“Is that so?”
He throws me on my bed. “Starting with just how naughty we can get inourbedroom. Now spread your thighs for me, beautiful, so I can feast on you some more before making you scream.”
Oh boy.
Chapter Sixteen
Tiptoeing around a grenade doesn’t make it any less deadly.
The sun rose and with it came a new sensation. I was content, loved, and happy. Yes, the world around us was a shit show, and I suspected it was about to get a lot worse, but I was no longer alone. Hudson Abbot had climbed inside my soul and made his home there, but I had also done the same. There was an invisible thread that linked us together, as fine as silk and as strong as steel.
My mind churned over the events of the last few days. I’d missed something fundamental, and now it became solidified, as clear as the Louisiana sunshine.
“What are you thinking?” Hudson asked from next to me. He’d not changed his breathing or opened his eyes. I wasn’t even aware he was awake.
I twisted in the sheets to turn to him. He was sexy in the morning with rumpled hair and a relaxed face. My eyes drifted down his body, his very naked body. I was pleasantly achy and totally relaxed, but that feeling was about to disappear. Perhaps this is what life is about? Catching the moments we had and using them to form memories to cling to when shit gets serious. I vowed to make room for as many of these moments as possible.
His eyes flipped open as he caught me ogling him. Bah, I was a red-blooded woman and he was all mine, this wasn’t a crime. His mouth curled in a very cat-like grin, self-assured and satisfied.
“The Datura,” I started. It was time to return to reality, at least for a little while.
“What about it?”
“We’ve discovered that it is being used as a delivery method for magic.”
“That’s right.”
“But we aren’t asking the fundamental question.”
“Who is the magic for and why?”
I shook my head as his fingers trailed patterns over the swell of my breasts. “No, magic is a constant, like energy. And what is the golden rule of energy?”
Hudson’s fingers paused and he frowned. “It cannot be created nor destroyed.”
“Exactly. So the question is—where is this magic being drawn from? It isn’t a small amount you could siphon from nature, this magic packs a punch, big enough to infect an entire town.”
“What holds that kind of magic?” he asked.
“The factions. Humans hold a little, vampires more. Shifters share their magic with animals and nature, which puts them higher up on the totem pole. But elementals are at the top.”
“You think your grandmother is stealing magic from her own kind?”
I shrugged even as a cold tingling ran its icy fingers down my spine. “That would be the most logical conclusion.”
“How would she do that? Kill them?”
I swallowed the knot in my throat and shook my head. “No, that would make the magic hard to contain, it would naturally want to return to the earth.”

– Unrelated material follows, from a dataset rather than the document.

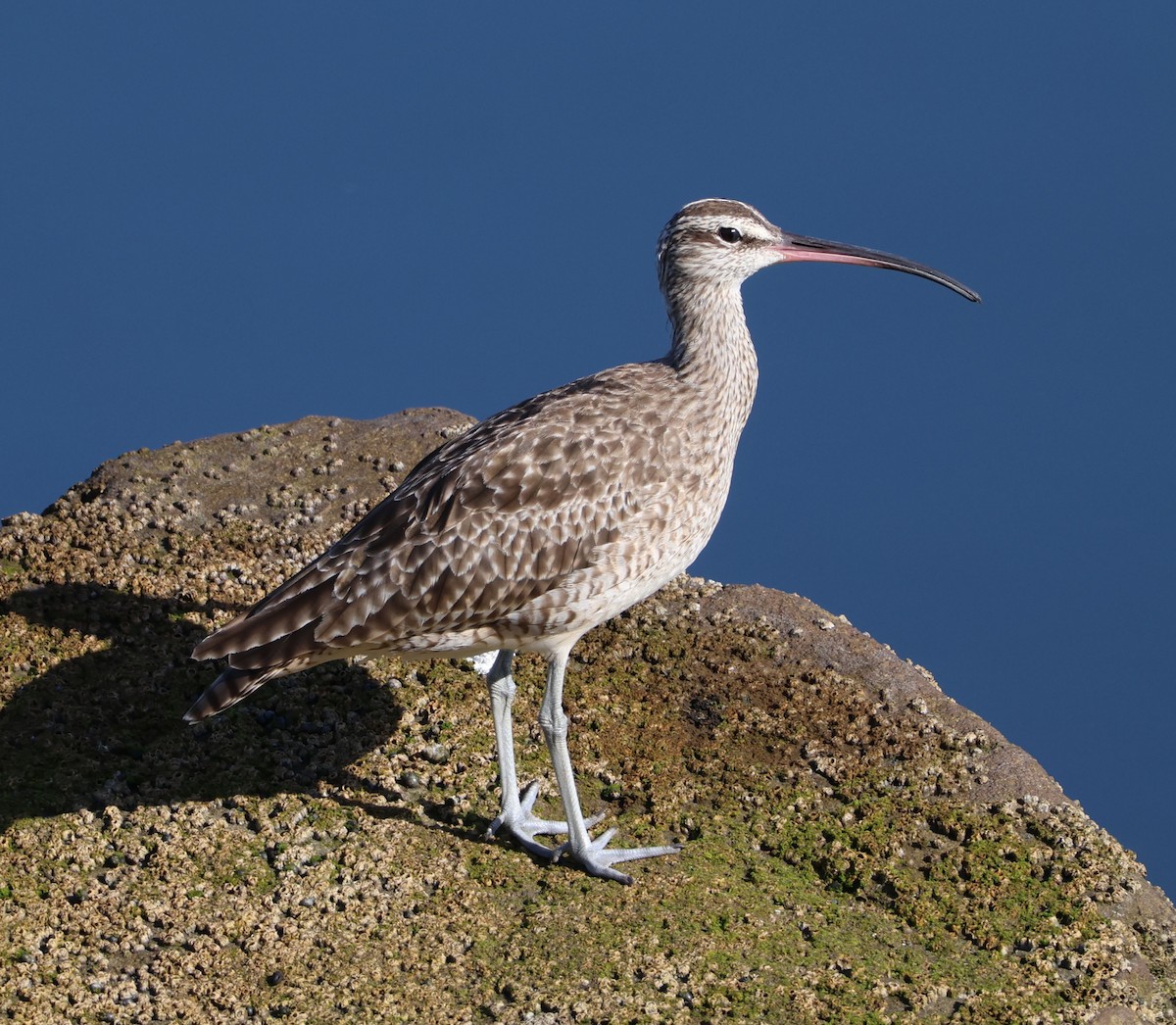 Whimbrel - ML623011963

The horror of what she might be doing made my blood boil. “How then?” Hudson pushed.
“There are rituals, painful and horrific ones, that she can do to remove the magic from the source. If she keeps them alive, their magic will remain in the air, easier to collect and redirect.”
“Perhaps that is what she wants from the vaults?”
The wards clanged in my mind and I grimaced. We were about to find out.